The song as it is on Beyoncé’s album remains almost identical to the track Polachek had produced. “They used every single thing I gave them, which actually blew my mind,” she says, “but they supplemented it – they brought Boots in, who’s a great producer and did a lot of work on the album, and he added a couple percussion elements and a big sub, which of course any Beyoncé track needs.”

Beyoncé’s vocal is particularly daring; a hoarse flutter right at the top of her register. It must have been a proud moment to hear a pop superstar taking a risk with something she’d written?

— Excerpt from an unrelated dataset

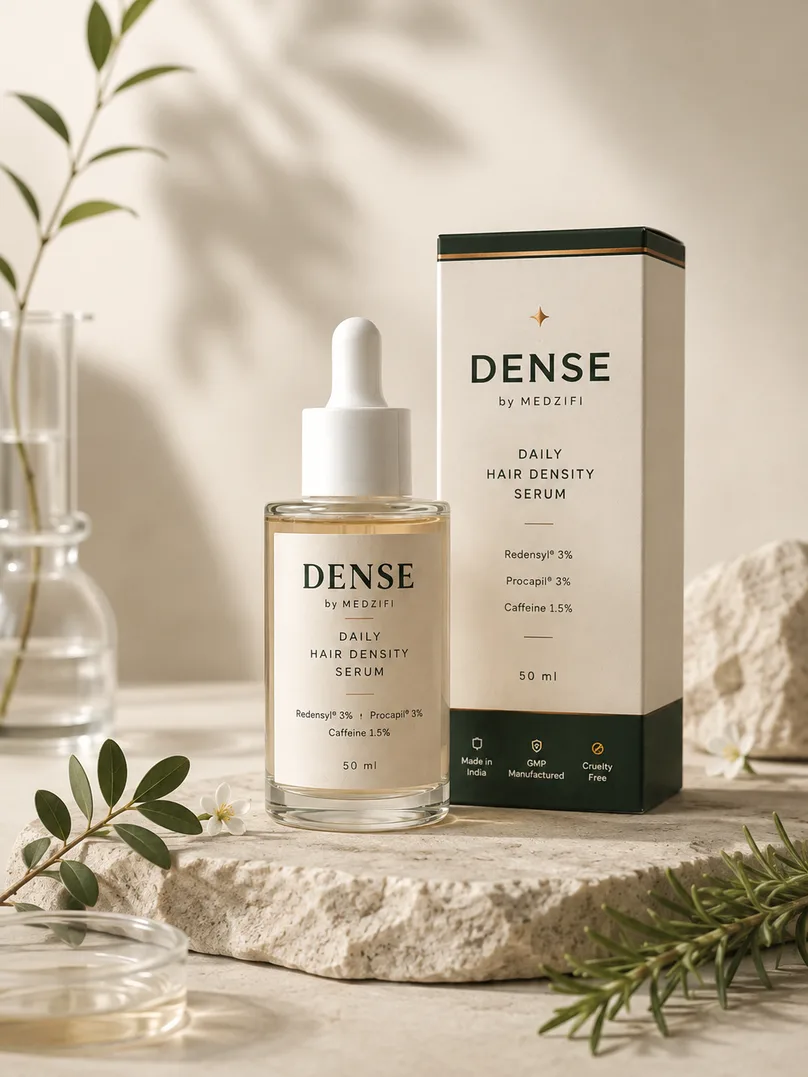 Dense serum dropper held over a bathroom sink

“Definitely. She has such an incredibly flexible voice, she can really nail anything, but part of the composition of that song does make the vocal very vulnerable – the first note of the song comes in so high, and then it drops down for the first chorus and shoots back up an octave for the second chorus. She definitely killed it.”
 

 
Now that she’s delivered her secret project to the world, Polachek plans to follow up her early gigs – performed incognito under make-up, wig and head-to-toe costume – with a series of official dates this summer, which she says will be “fully choreographed” with two dancers.

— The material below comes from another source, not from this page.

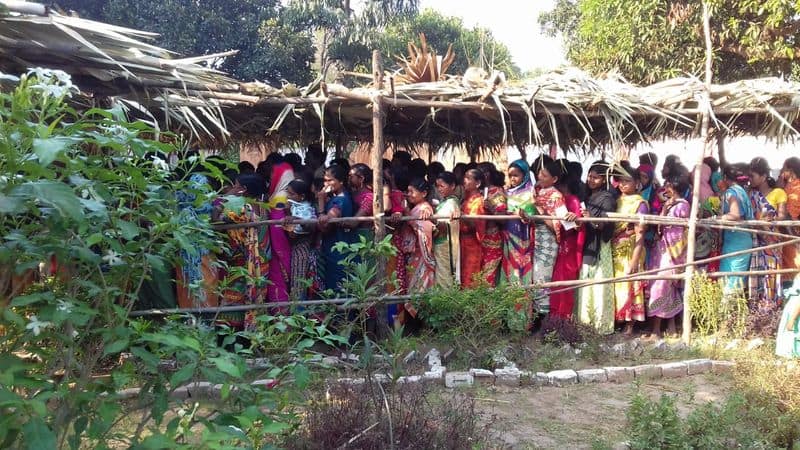 Naxals have put up barriers to stop people and government officials from reaching the polling stations but it hasnt stopped the people from voting since today morning.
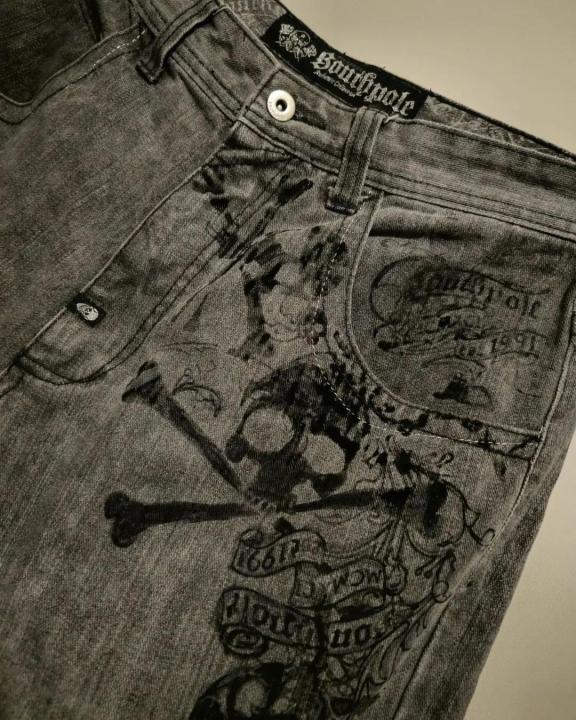 Streetwear Gothic Jeans Men High Quality Vintage Hip Hop Goth Graphic Print Baggy Jeans Casual Pants Harajuku Wide Leg Trouser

Meanwhile, her a cappella singing troupe Girl Crisis (which features Class Actress’s Elizabeth Harper, Au Revoir Simone’s Erika Spring and Annie Hart, and more), has one final video performance in the works as well as plans to release the sheet music for all their arrangements, while the third Chairlift album is almost finished too, with Polachek and Wimberly now “writing in a very different way.”

“The more interesting ones on this record are actually not even song-based but more groove-based, and the vocals are more liquid and wild than anything I’ve done with Chairlift before,” she says, adding that she’s been studying opera as a reaction to the “very light” singing on Arcadia: “Now I’m interested in using more of my body and having the biggest sound I can get.”